To help guards work towards more effective conflict de-escalation and resolution, a few basic steps have been outlined below which can be followed:

  • Find and use the name of the person with who you are speaking: People respond favourably to their own name. It also makes the conversation more personal and engaging. Ask for the person’s name early on and use it throughout the ensuing conversation.
  • Employ Active Listening: Clarifying, paraphrasing and open-ended questions all help to ensure that the person is aware you have understood their frustrations completely. This helps to lower frustration as they feel they have “got it off their chest”. Repeating a person’s own words back to them clearly shows your comprehension of their points.
  • Slow down and suspend judgement:Empathy needs to be shown during conflict situations. Even if you disagree with the person’s position, expressing an understanding why that person feels a particular way will help resolve the conflict. Ensure the conflict has your undivided attention. Show respect for the other person’s opinions and feelings.
  • Get them to say yes:It is very difficult for someone to stay angry with you if they are agreeing with you. This may sound ridiculous…. How to achieve this? Using questions to clarify and providing brief synopsis of their version during the conversation all help to confirm you have understood their point. When you clarify using a statement like, “So you are frustrated because of XYZ, is that right?”, you are creating a situation where the other person must respond with a “Yes”, and the more often you get the other person to say yes, the quicker the conflict will deescalate. This is an extremely successful and practical technique.
  • Don’t use clichés:The worst of these being “Calm Down”. If you have ever said those words during a verbal conflict, you will realise the normal response is “I AM CALM” at the top of their voice and most likely coupled with animated hand gestures as well.
  • Show empathy:The old saying, “Hot heads and cold hearts never solved anything” is particularly true of conflict resolution. As security industry professionals, we need to show compassion and empathy and give the conflict our full attention. Don’t make rash judgements and work through the process.
  • Consistency in Courtesy:This is a personal favourite. The person you are dealing with at 10 o’clock at night deserves the same level of respect, courtesy and patience as the person you are dealing with at 2pm. They don’t know it is your third argument with someone today or that they are the 19th person refused entry tonight and as such, they deserve the same high level of service and professionalism as the first person you spoke to. Remember that in the security industry, in a lot of cases, we are the first and last impression someone gets of our client’s business (be it retail, licensed premises or corporate host/concierge/ reception roles) and as such, we need to maintain that position of positive brand ambassador and consummate professional.
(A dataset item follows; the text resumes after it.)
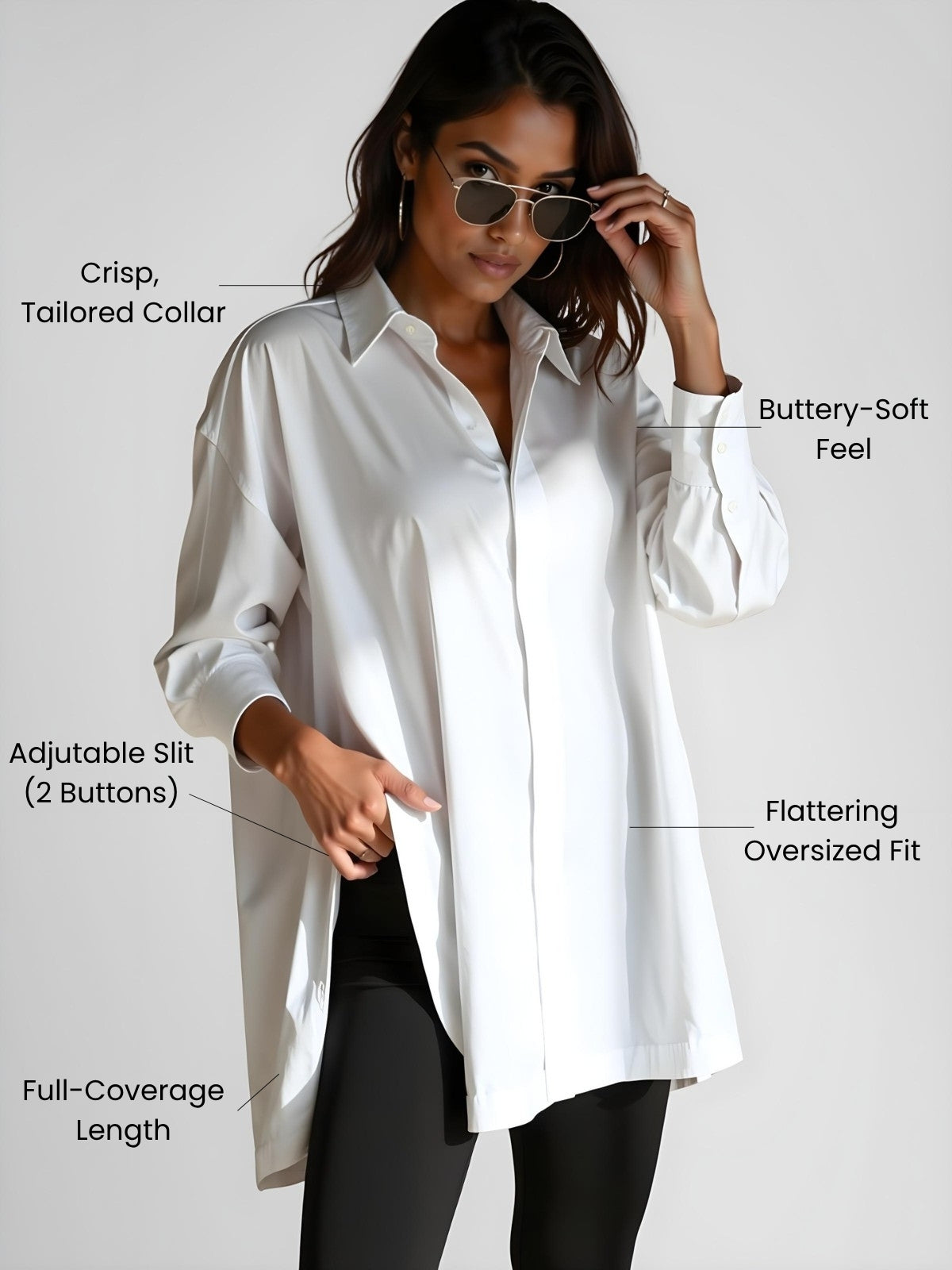 Flowy Button-Up Shirt Dress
There are many physical aspects to be mindful of in conflict situations. It is important to always be mindful of the bigger picture of conflict including situational and environmental awareness. I would like to finish by pointing out the importance of maintaining a constant awareness of the signs and triggers of an escalating conflict such as:

  • A person clenching his or her fists or tightening and untightening their jaw.
  • A sudden change in body language or tone used during a conversation.
  • The person starts pacing or fidgeting.
  • A change in type of eye contact (psychological intimidation).
  • The “Rooster Stance” – chest protruding out more and arms more away from the body.

Conflict is part of everyday life and as security guards, verbal de-escalation tools are important skills to possess and as such, need to be fine tuned and practised daily if they are to become part of our natural response to conflicts. Training and ingraining these techniques to the point where they become second nature allows a security guard to focus more on the fluid and dynamic changing aspects of conflict such as the signs and triggers mentioned above. This also enables a security guard to develop a greater awareness of other situational factors. The combination of all these factors will provide the greatest chance of minimising and resolving conflict in the safest and most positive way possible.